Lyme Regis coastal protection work to start

Eroding cliffs between Lyme Regis and Charmouth
Image caption Residents will be able to find out how erosion might affect them in the future

Major construction work to protect part of a Dorset town from coastal erosion will begin in 2013, according to the local council.

The project to protect the eastern part of Lyme Regis, on the Jurassic Coast, has already begun with ground surveys and preliminary work taking place.

West Dorset District Council said construction, expected to start in the spring, would last about two years.

The work will protect 480 homes and the main road into the east of the town.

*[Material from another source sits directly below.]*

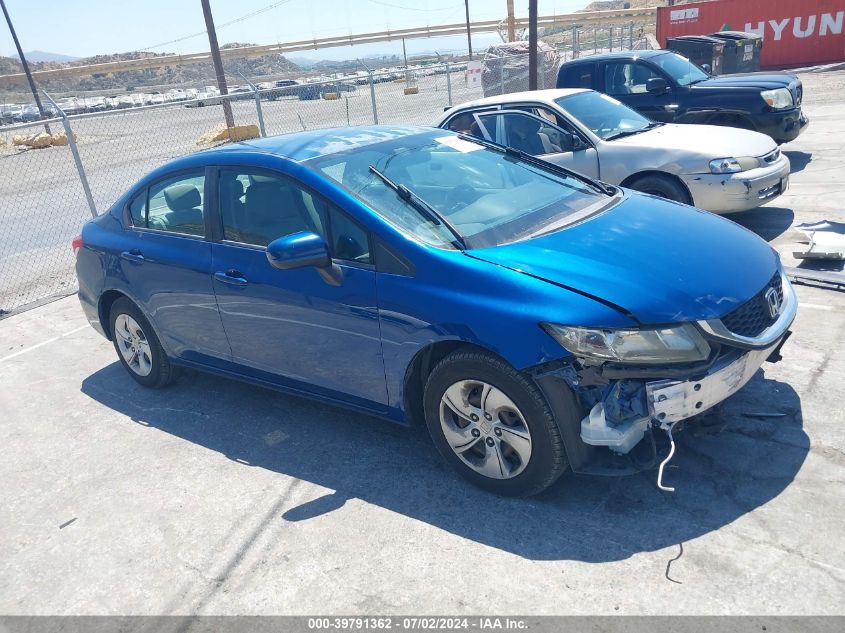 2015 HONDA CIVIC LX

Engineering works have already been carried out to protect other parts of the town, including the construction of a new sea wall and promenade.

The latest phase of protection works will be paid for with £14.6m of Defra funding, £4.27m from Dorset County Council and £600,000 from West Dorset District Council.

A new 390m (436 yards) section of sea wall will be built and the steep slopes at Church Cliff and East Cliff will be stabilised.

Robert Gould, leader of West Dorset District Council, said: "Lyme Regis is on an actively eroding stretch of coast and faces huge challenges from coastal erosion and consequent land slips, which is why this work is so important.

"The scheme will protect the eastern side of Lyme Regis. Without it, substantial areas of housing and the main road into the town would be lost over the next 50 years."

In May 2008, about 400m (1,312ft) of cliff slipped between Lyme Regis and Charmouth, exposing an old landfill site.